Statistics: The Locust UI shows RPS (requests per second), response times, and failure rates. These are aggregated across all simulated users.

The goal of a baseline test is to establish a "normal" performance level under controlled conditions. You’re not trying to break the system yet; you’re trying to understand its current capabilities. This involves:

Realistic User Behavior: The wait_time should mimic how real users interact with your application. If your users are very active, wait_time should be low. If they’re more passive, it should be higher.
Sufficient Load: You need enough simulated users to saturate your system or at least push it to a point where performance degrades. This means experimenting with the number of users.
Controlled Environment: Run tests on hardware and network conditions that are representative of your production environment. Avoid running other heavy processes on the test machine.

When you run the test, Locust will continuously send requests. The RPS you see in the UI is the aggregate RPS across all users. If you have 100 users, and each user makes a request every second (a wait_time of between(0,0)), you’d expect to see around 100 RPS if the server can keep up. If the server can’t keep up, the RPS will be lower, and response times will increase.

The most common mistake is setting wait_time to zero or a very small value and expecting the RPS to represent the absolute maximum throughput the server can handle. This isn’t a "user" test; it’s a raw connection flood. The wait_time is the user’s pace, not the server’s.

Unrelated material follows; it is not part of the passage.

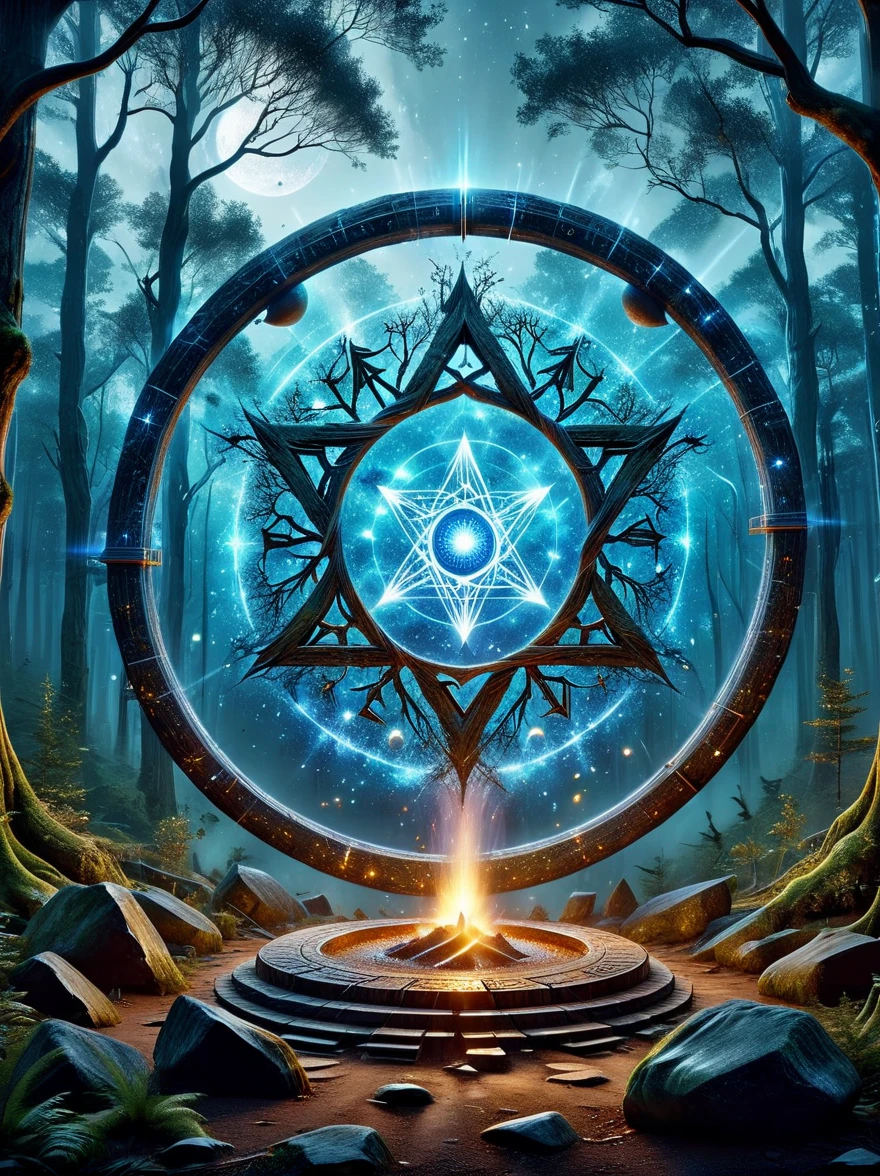 In an ancient forest-surrounded wasteland, a super ancient stone magic circle predates recorded history. Comprised of numerous massive rocks, each bearing the marks of erosion, arranged in a perfect hexagram pointing to various constellations, as if connected to cosmic powers. At its center, the ground is etched with complex runes and mysterious patterns glowing faintly blue under moonlight, serving both as part of a summoning ritual and a container for ancient forces, with their power peaking at night. The surrounding forest seems to shy away, with trees' bent branches whispering warnings. As the stars align on a special night, the sky's energy resonates with the circle's runes, slowly opening a rift from which a creature with eyes like burning coals, made of darkness and fear, steps out, causing the earth to tremble with each step. This scene depicts a mysterious and dangerous moment where an ancient magic circle summons an evil entity under the watchful eyes of the ancient forest.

If you set wait_time = between(0.01, 0.01), each user will try to hit the server every 10ms, and if you have 100 users, that’s an attempted load of 10,000 RPS, which will likely overwhelm even a robust server and give you misleadingly low RPS and high error rates.

Once you have a stable baseline, the next step is to understand how your system behaves under stress, which often involves gradually increasing the load or introducing specific failure scenarios.